Though we’ve been travelling that route with more people on board than ever for almost six years — since Canada’s Truth and Reconciliation Commission (TRC) released its report and calls to action — there remains plenty of work to be done.

The remains of 215 Indigenous children were uncovered at the site of a former Kamloops Indian Residential School on May 27, and, as of this writing, the number has risen to more than 5,000 across Canada and more than 6,000 when sites in the United States are included.

A December 2019 report by Eva Jewell and Ian Mosby for the Yellowhead Institute found that only nine of the TRC calls to action had been completed. However, their 2020 findings showed that figure fell to eight.

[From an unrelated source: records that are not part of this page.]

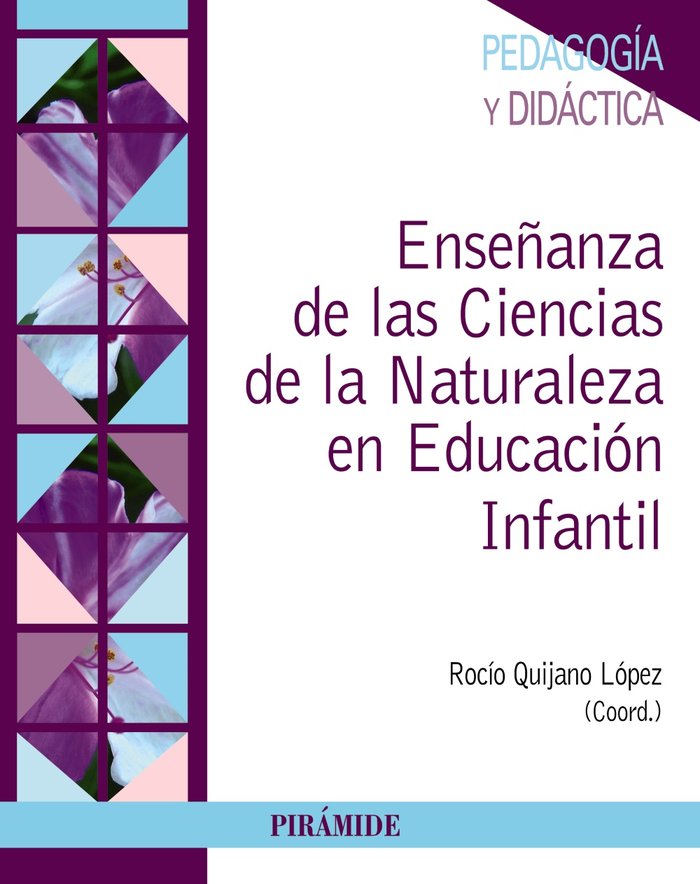ENSEÑANZA DE LAS CIENCIAS DE LA NATURALEZA EN EDUCACION INFA | QUIJANO LOPEZ, ROCIO | PIRAMIDE | 9788436834802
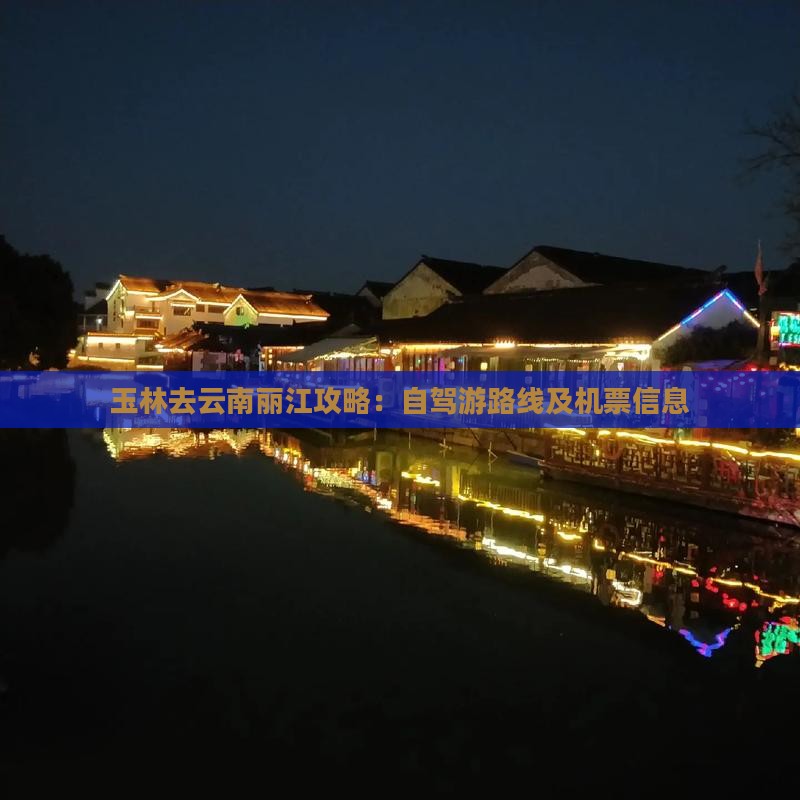 玉林去云南丽江攻略：自驾游路线及机票信息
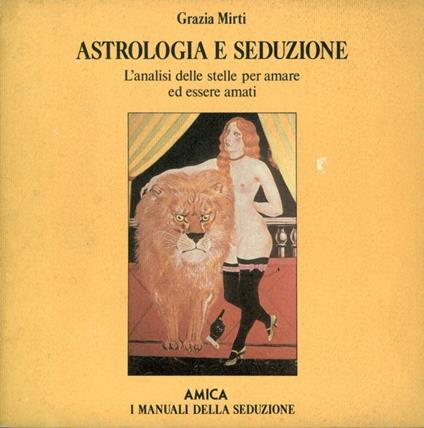 Astrologia e seduzione - Grazia Mirti - copertina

“Ultimately, we find that Canada is failing residential school survivors and their families,” say the authors of the report, stating that “five years, we believe, is more than enough time to test the strength and meaningfulness of that commitment.”

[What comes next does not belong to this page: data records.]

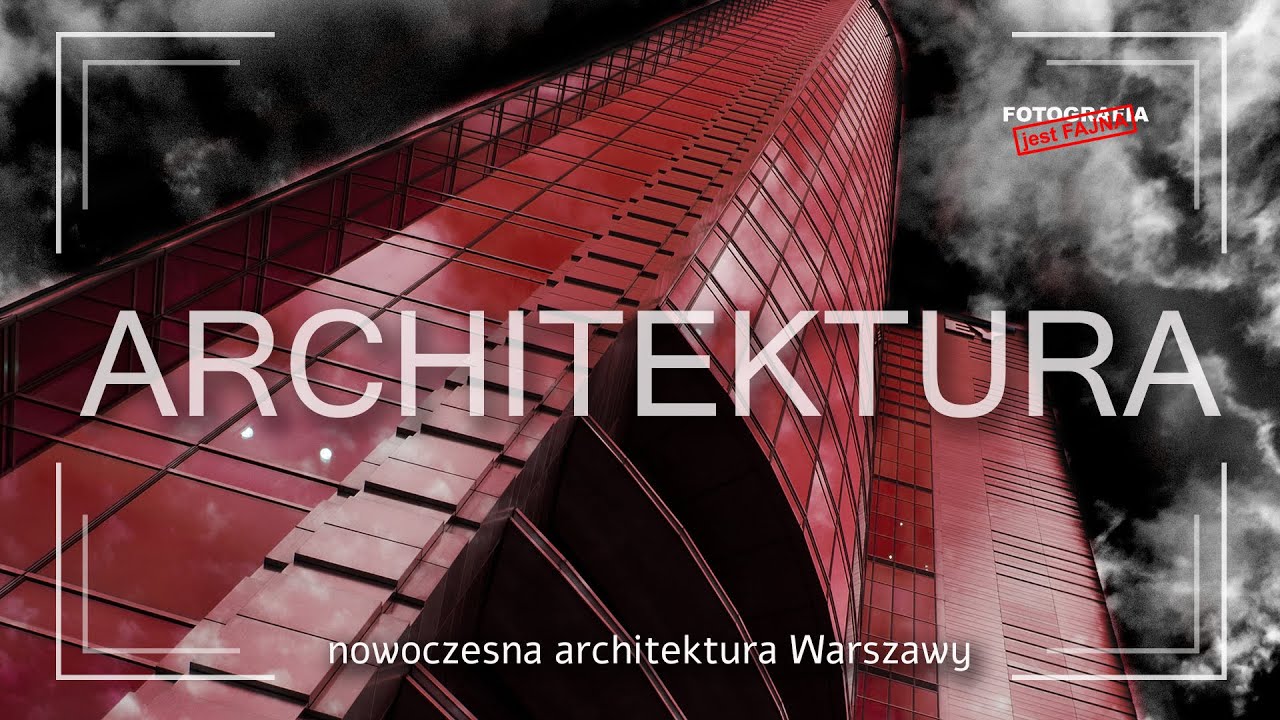🚩 Architektura - jak fotografować nowoczesną architekturę - Fotografia jest Fajna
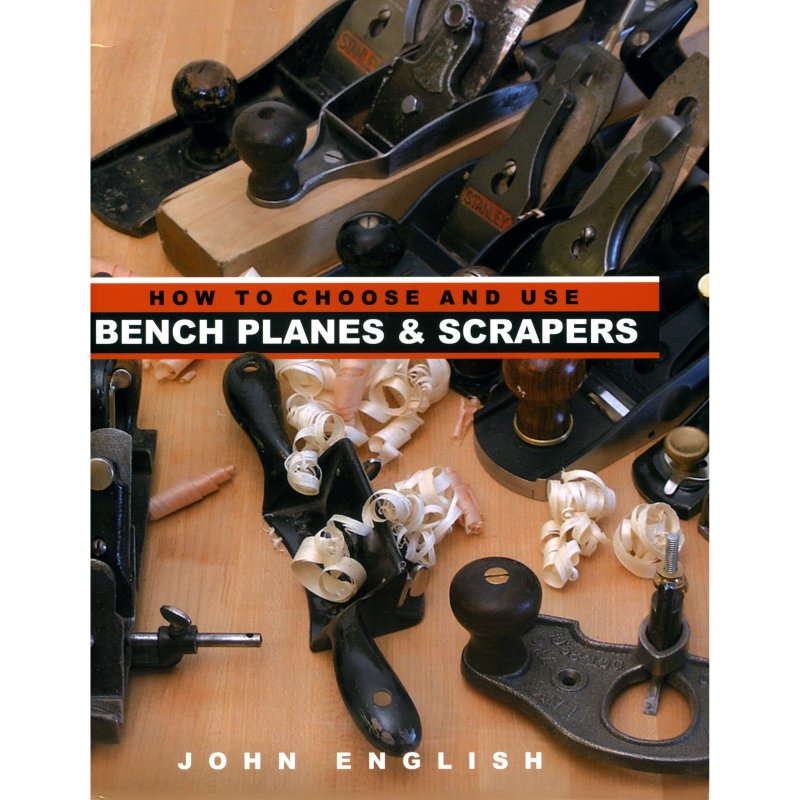 How to Choose and Use Bench Planes & Scrapers by John English 204687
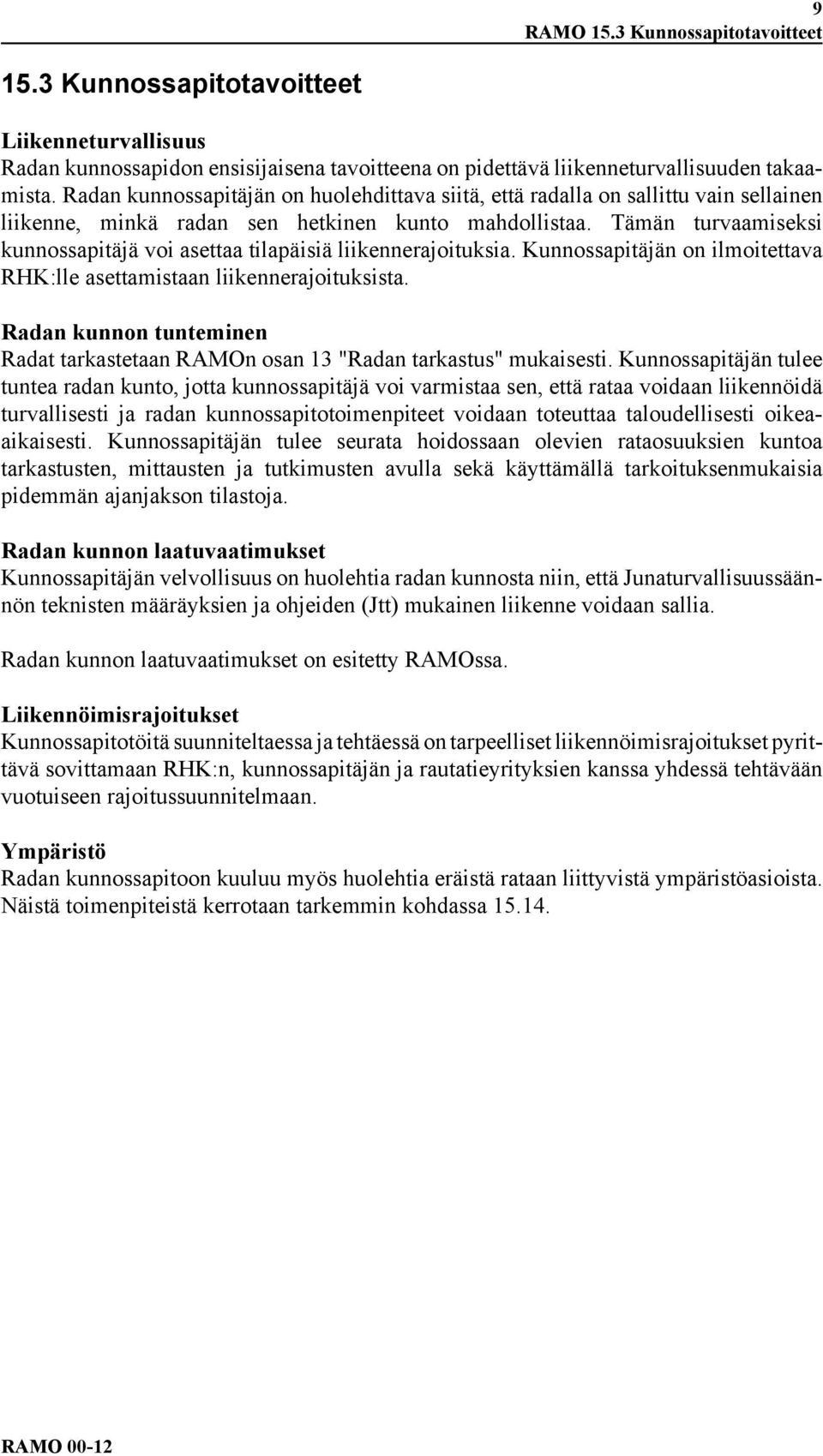 Tämän turvaamiseksi kunnossapitäjä voi asettaa tilapäisiä liikennerajoituksia. Kunnossapitäjän on ilmoitettava RHK:lle asettamistaan liikennerajoituksista.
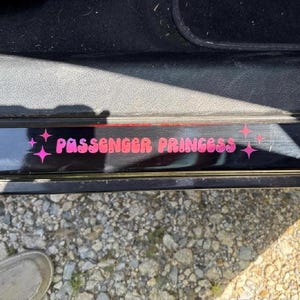 Passenger Princess Bumper Sticker |  Car Decal | Girlfriend Bumper Sticker | Gift for Girlfriend | Girly Sticker | His Passenger Princess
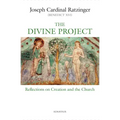 The Divine Project: Reflections on Creation and the Church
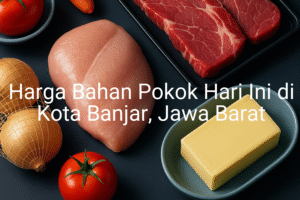 Update Harga Bahan Pokok / sembako di Kota Banjar , Hari Ini (23 Juni 2025)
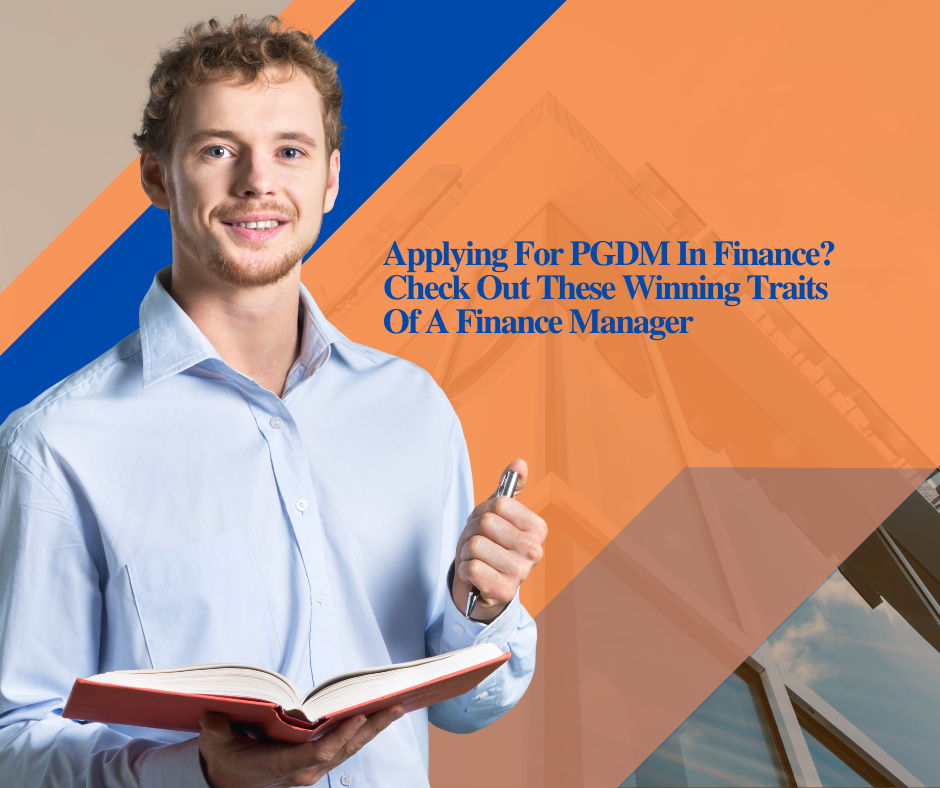 Applying For PGDM In Finance? Check Out These Winning Traits Of A Finance Manager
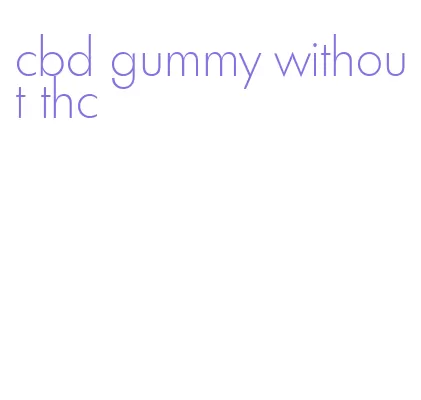 cbd gummy without thc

This year we can add at least two more completed calls to action to the list.

Number 80 sought a National Day for Truth and Reconciliation, and on Sept. 30 we will observe the first official day by that name, after Bill C-5 gained royal assent June 3.

Number 15 calls for the appointment of an Indigenous Languages Commissioner – on June 14, the Government of Canada announced the first four appointees to the new Office of the Commissioner of Indigenous Languages: commissioner Ronald E. Ignace and directors Robert Watt, Georgina Liberty and Joan Greyeyes.

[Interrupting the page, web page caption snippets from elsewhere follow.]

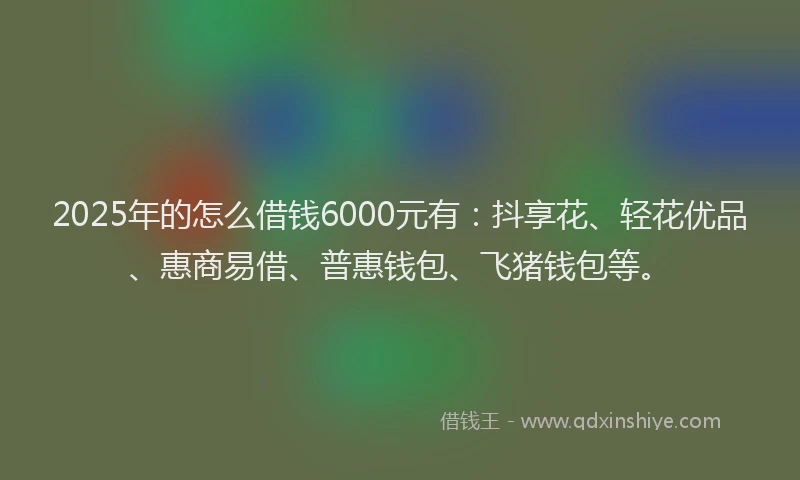 2025年的怎么借钱6000元有：抖享花、轻花优品、惠商易借、普惠钱包、飞猪钱包等。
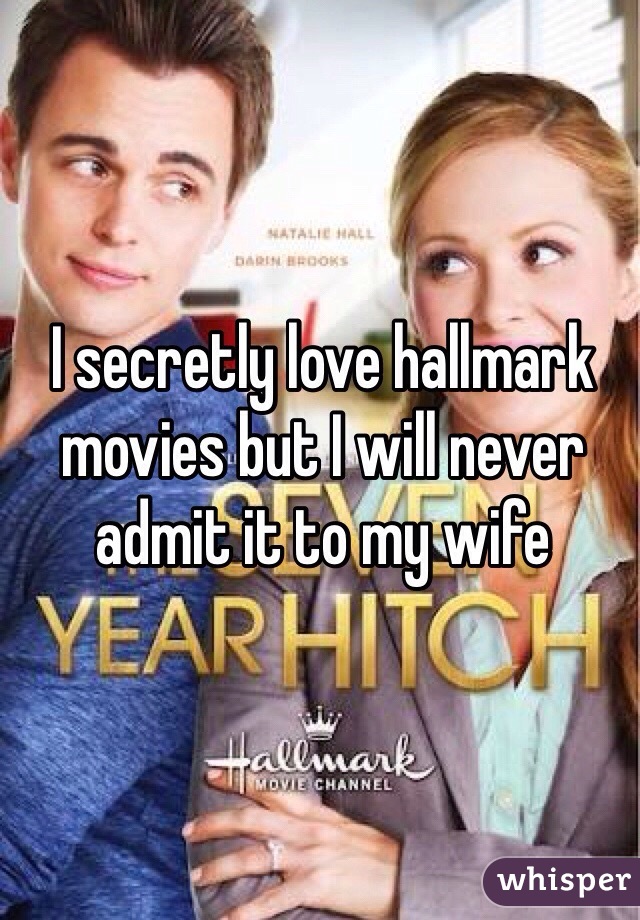 I secretly love hallmark movies but I will never admit it to my wife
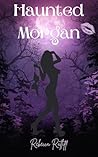 Haunted Morgan: A...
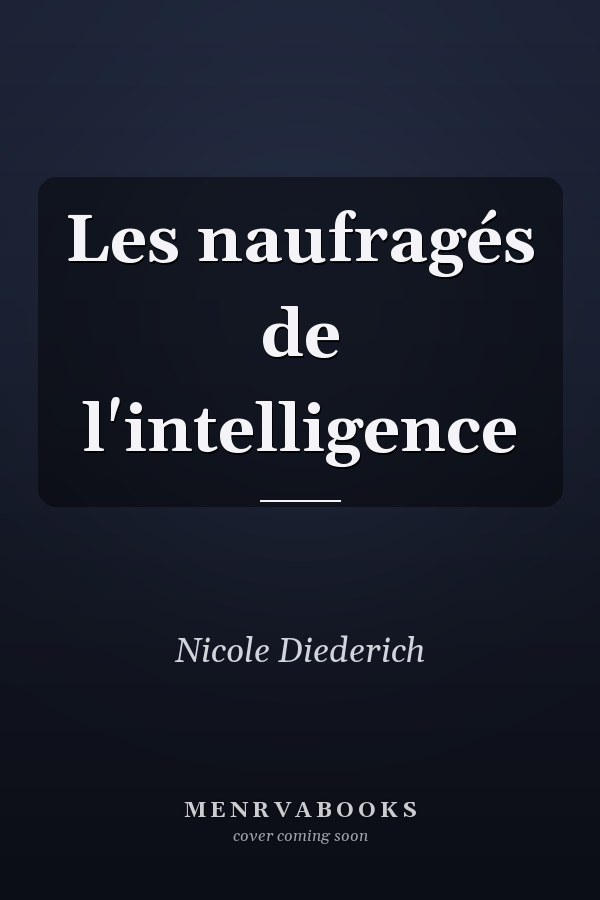Les naufragés de l'intelligence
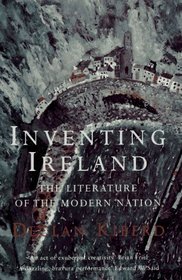 Inventing Ireland: The Literature of the Modern Nation (Convergences)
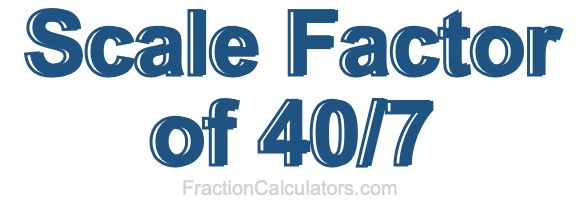 Scale Factor of 40/7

Bill C-8: An Act to amend the Citizenship Act, which responds to Call to Action Number 94, passed its second reading Dec. 10, 2020 and is listed by Parliament as having received royal assent.

The steps may be small, but every step forward counts.

The Yellowhead report is less optimistic, stating discussions with Indigenous experts and practitioners point to non-Indigenous organizations exploiting federal government budget lines and skirting “the institutional change that reconciliation demands. In this way, money earmarked for reconciliation often results in little more than recolonization. As one of the Indigenous experts we spoke with put it rather succinctly: ‘We’re not just failing. We are regressing, back to before the TRC.’”

This doesn’t mean it’s time to throw in the towel though, as the report also concludes.

Nunavut Tunngavik Inc. President Aluki Kotierk said this time last year: “Work needs to happen and investment and supports need to occur to get Inuit to a point where they were before they were taken to residential school so Inuit are proud of who they are as Inuit … and they walk around our communities with dignity.

“Through all these public policies, there’s been so much shame put on us as a society … that shame does not belong to us. We are a product of the public policies that were placed on us. It is a result of all the things that have been done to us, and any people having had those same experiences would be having these social challenges as well.”

The barest minimum Canada can do is answer these calls to action as atonement, and then continue to follow up those actions with ongoing engagement with Indigenous peoples and organizations to ensure that healing is both achievable and fostered in a way that is respectful to those seeking it.